GIVEN MATERIAL:
- Opening Delimiter -
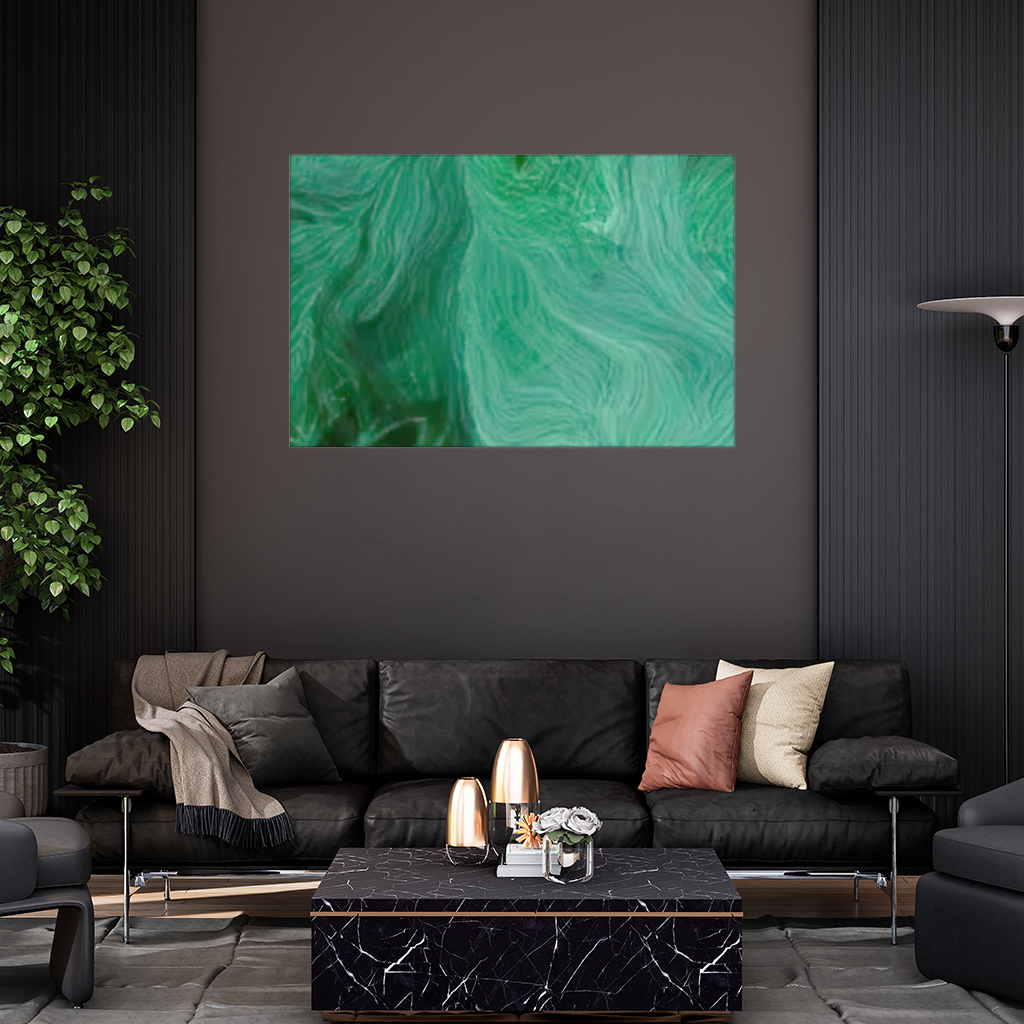 Yeşil ve siyah ebru. Duvar Örtüsü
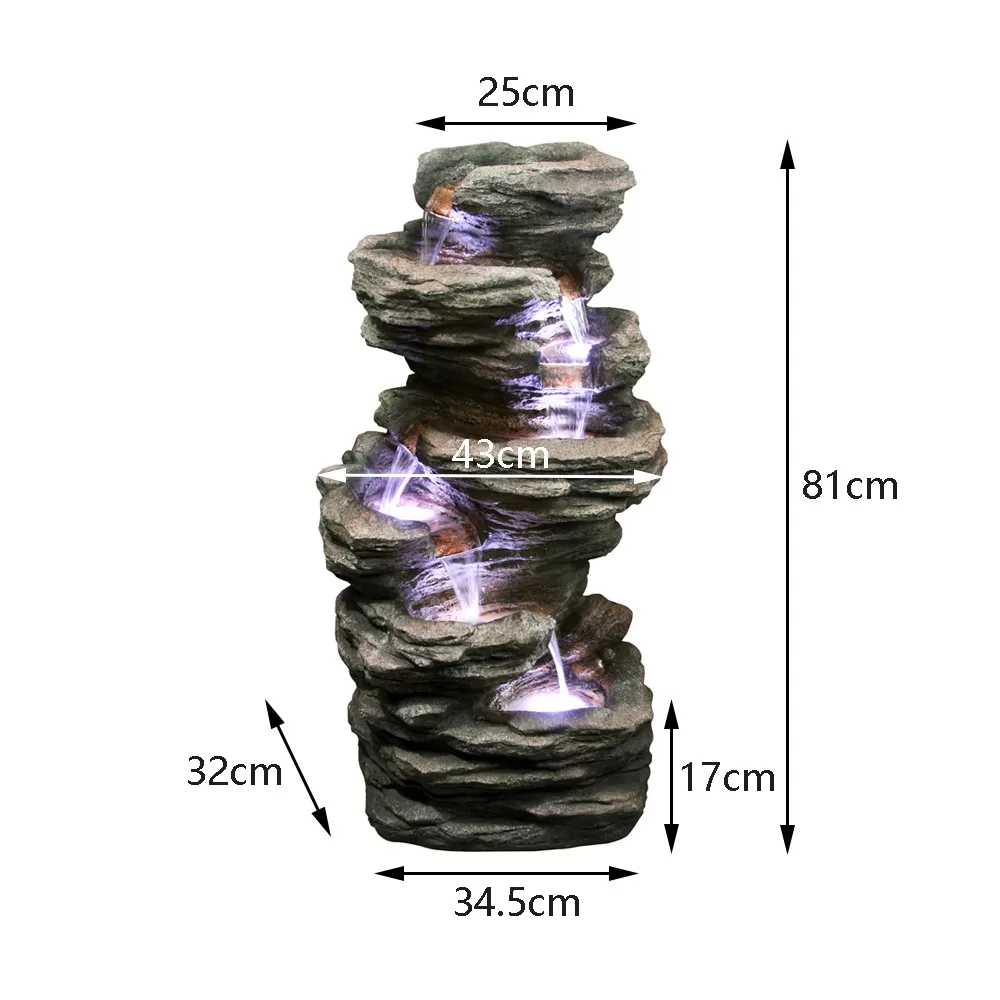 6-Tier Rock Water Feature Water Fountain DW46038 - Image 9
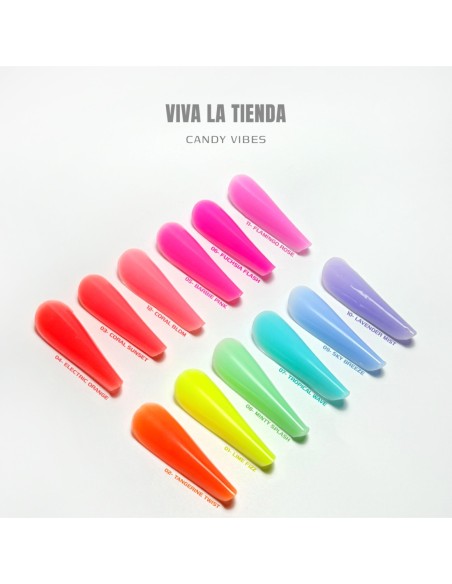 Polygel Viva La Tienda – Candy Vibes 16 Glow Green 15ml – verde intens, fără lipire de pensulă, se pilește ușor, pentru construcție și modelare cu rezultat durabil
- Closing Delimiter -
ACTIVITY: Pictures do not belong in the copy. Reproduce the rest of the data exactly.

RESPONSE TO THE EXERCISE:
 Yeşil ve siyah ebru. Duvar Örtüsü
 6-Tier Rock Water Feature Water Fountain DW46038 - Image 9
 Polygel Viva La Tienda – Candy Vibes 16 Glow Green 15ml – verde intens, fără lipire de pensulă, se pilește ușor, pentru construcție și modelare cu rezultat durabil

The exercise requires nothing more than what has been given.